### Exercise description
Omit every picture. Return all other data as it stands.

[[ Material for this exercise, beginning ]]

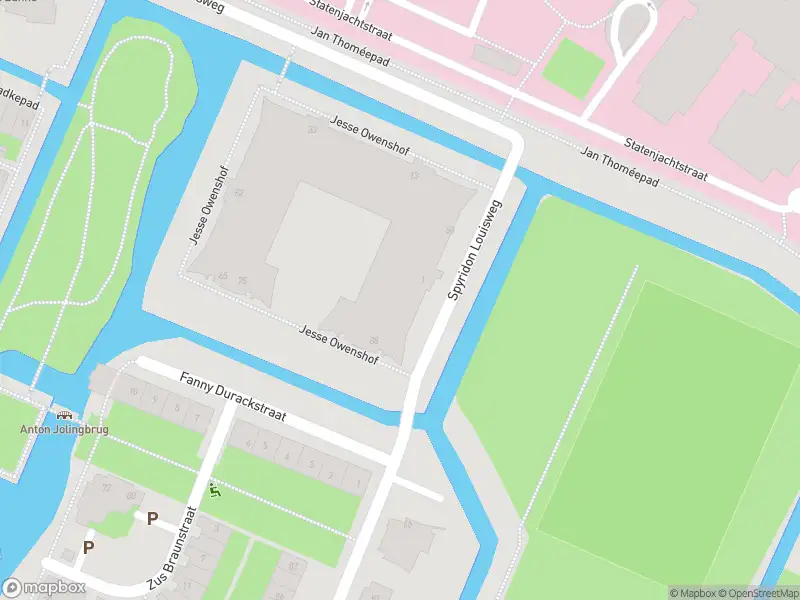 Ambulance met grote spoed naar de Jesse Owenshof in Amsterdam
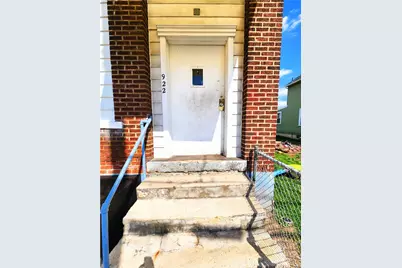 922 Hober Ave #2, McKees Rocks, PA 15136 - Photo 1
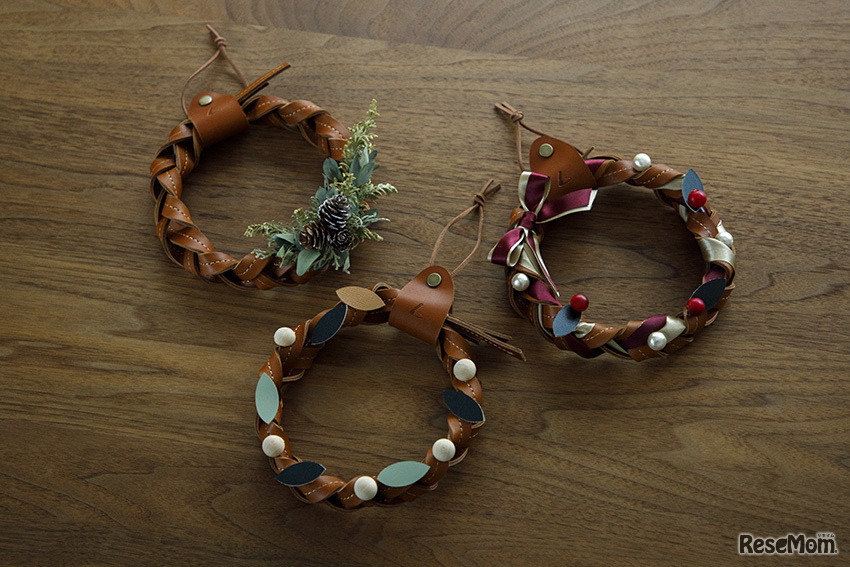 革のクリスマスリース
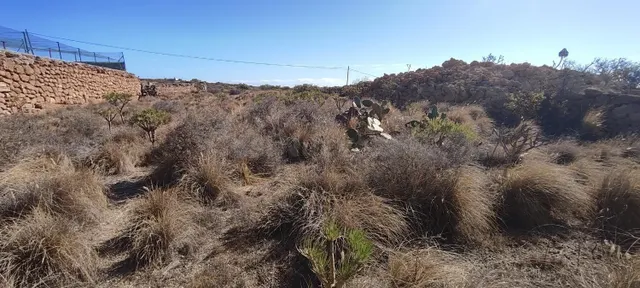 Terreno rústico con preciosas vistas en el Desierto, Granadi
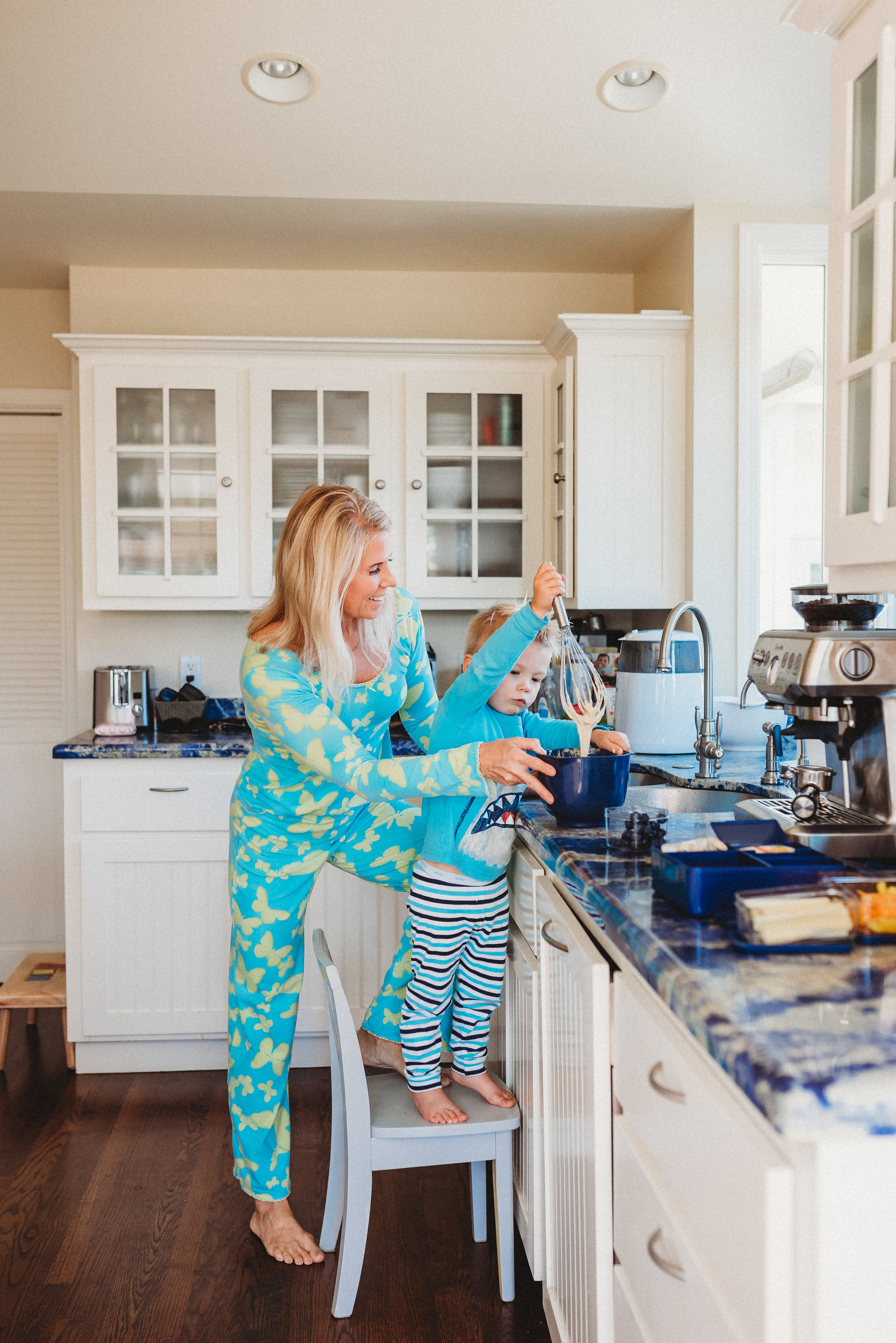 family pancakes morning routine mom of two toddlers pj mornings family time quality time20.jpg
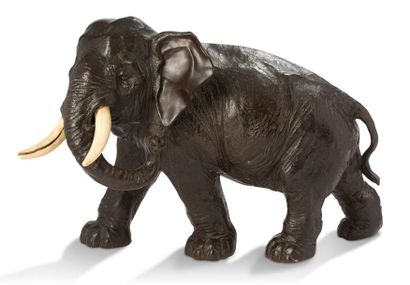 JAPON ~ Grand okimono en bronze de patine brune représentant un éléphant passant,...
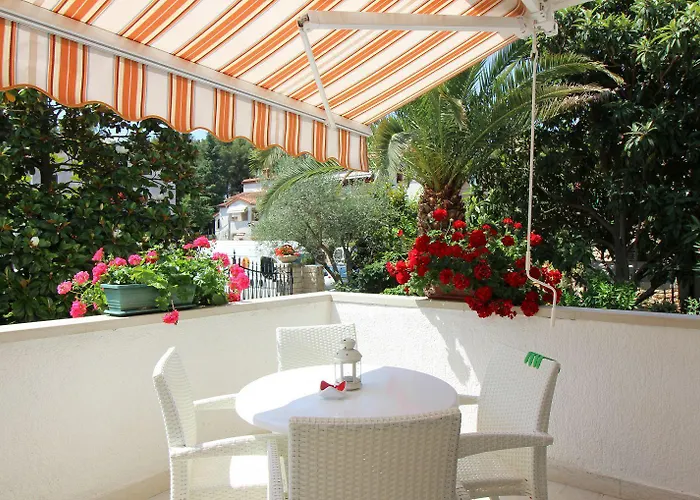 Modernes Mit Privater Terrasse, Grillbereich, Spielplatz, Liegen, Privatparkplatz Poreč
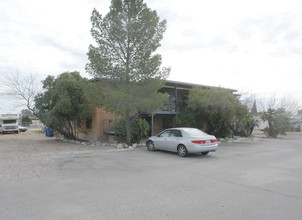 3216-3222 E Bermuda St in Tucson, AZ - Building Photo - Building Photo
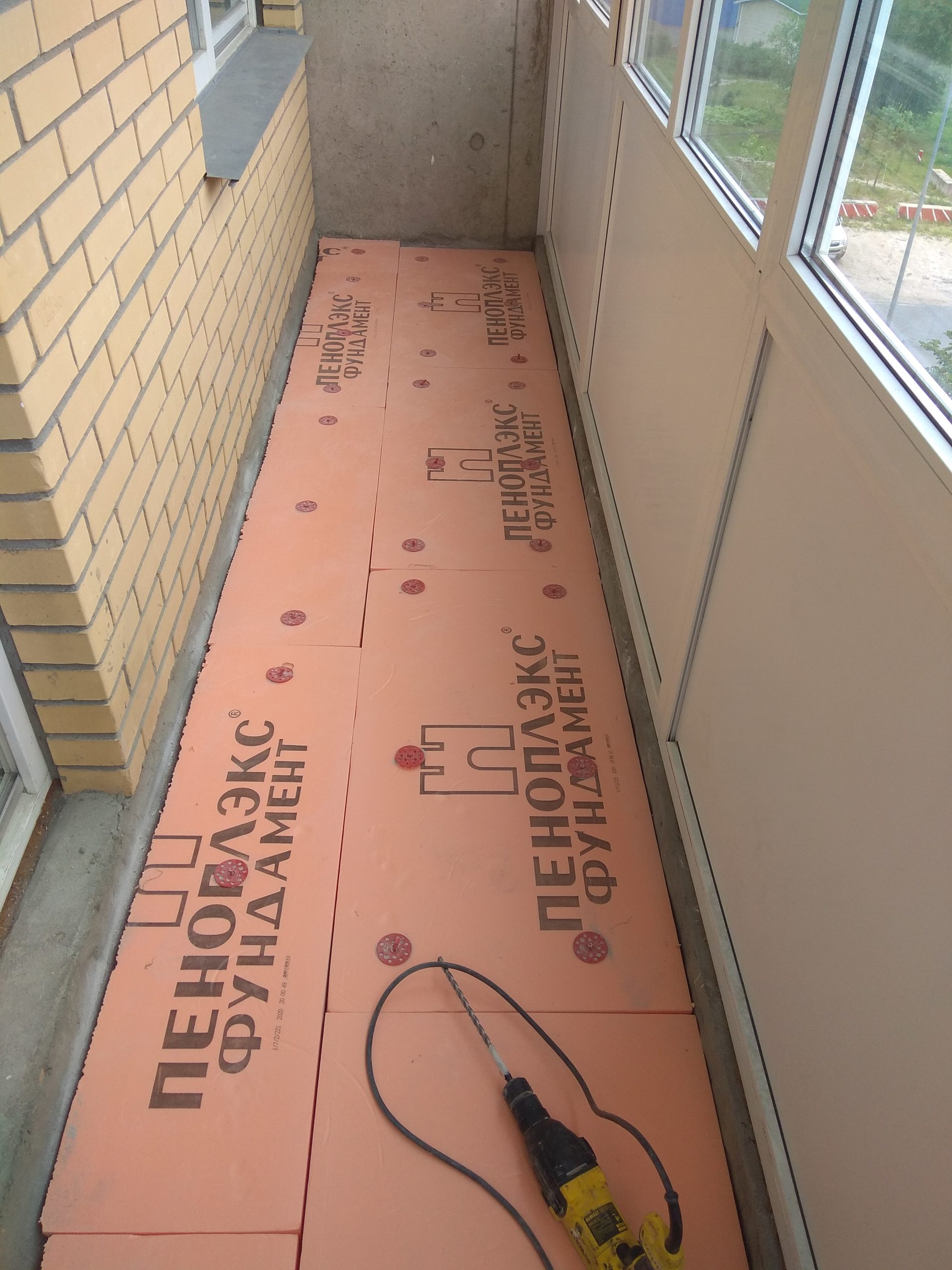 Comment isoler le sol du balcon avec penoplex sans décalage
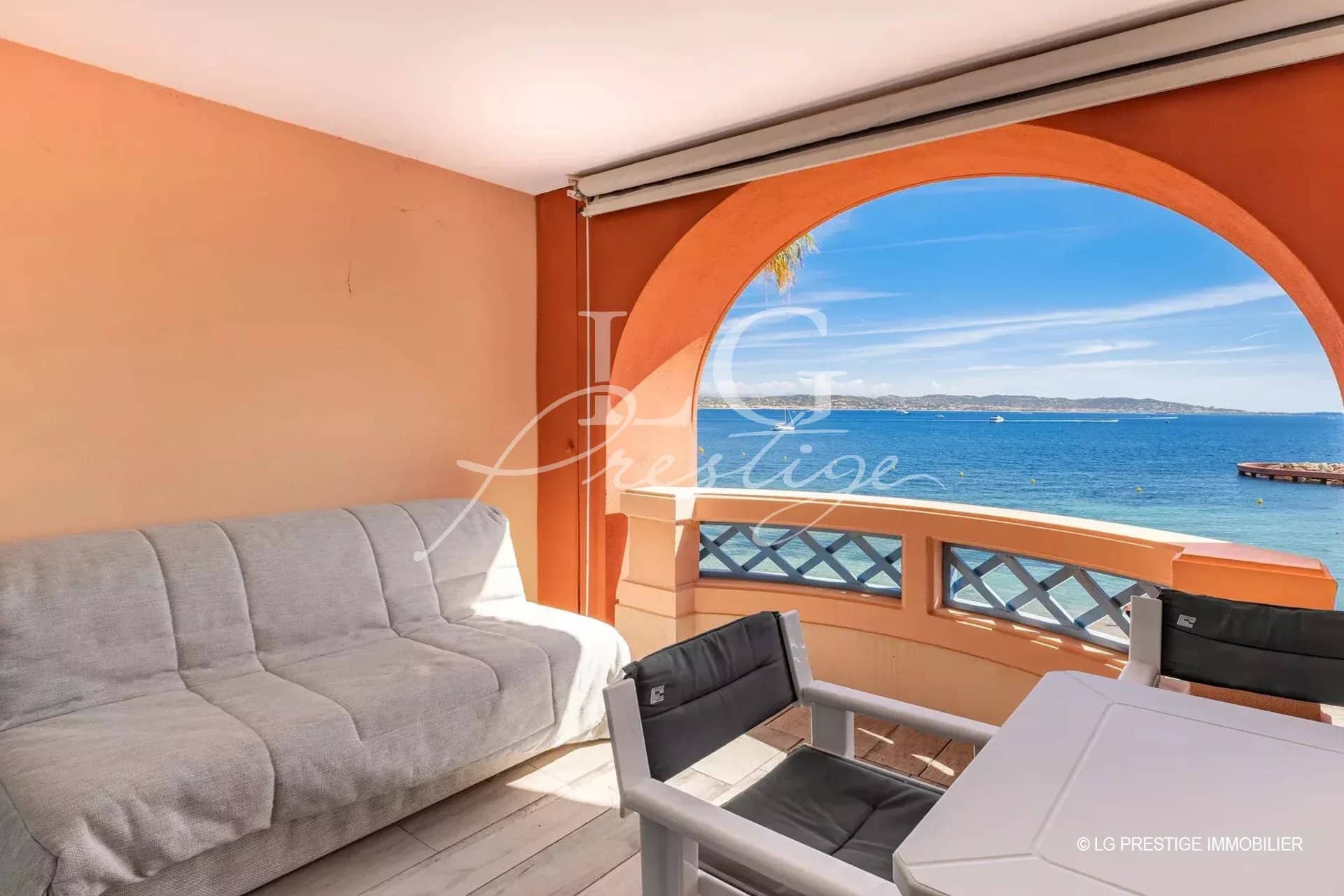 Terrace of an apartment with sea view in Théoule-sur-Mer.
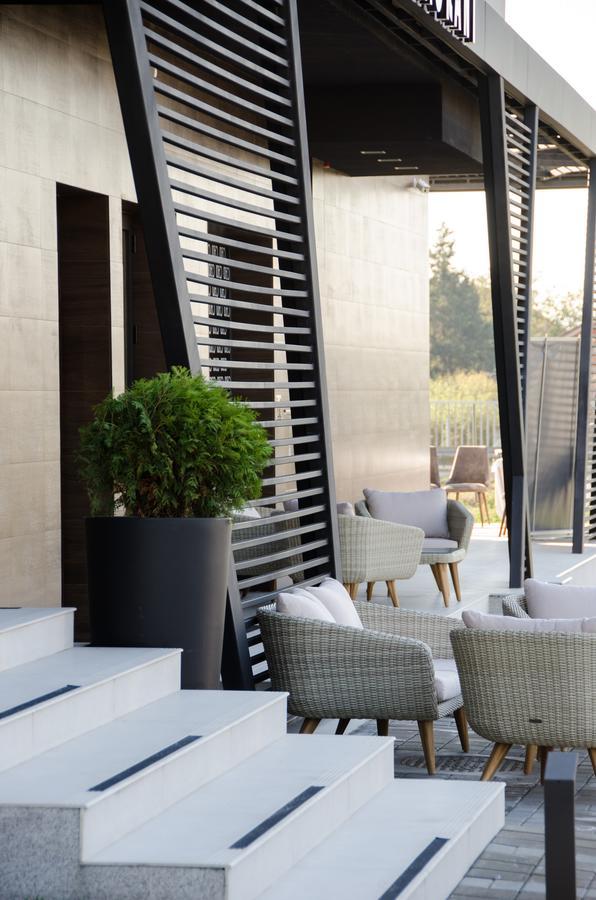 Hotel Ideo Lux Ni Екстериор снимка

[[ Material for this exercise, end ]]

### Response below
 Ambulance met grote spoed naar de Jesse Owenshof in Amsterdam
 922 Hober Ave #2, McKees Rocks, PA 15136 - Photo 1
 革のクリスマスリース
 Terreno rústico con preciosas vistas en el Desierto, Granadi
 family pancakes morning routine mom of two toddlers pj mornings family time quality time20.jpg
 JAPON ~ Grand okimono en bronze de patine brune représentant un éléphant passant,...
 Modernes Mit Privater Terrasse, Grillbereich, Spielplatz, Liegen, Privatparkplatz Poreč
 3216-3222 E Bermuda St in Tucson, AZ - Building Photo - Building Photo
 Comment isoler le sol du balcon avec penoplex sans décalage
 Terrace of an apartment with sea view in Théoule-sur-Mer.
 Hotel Ideo Lux Ni Екстериор снимка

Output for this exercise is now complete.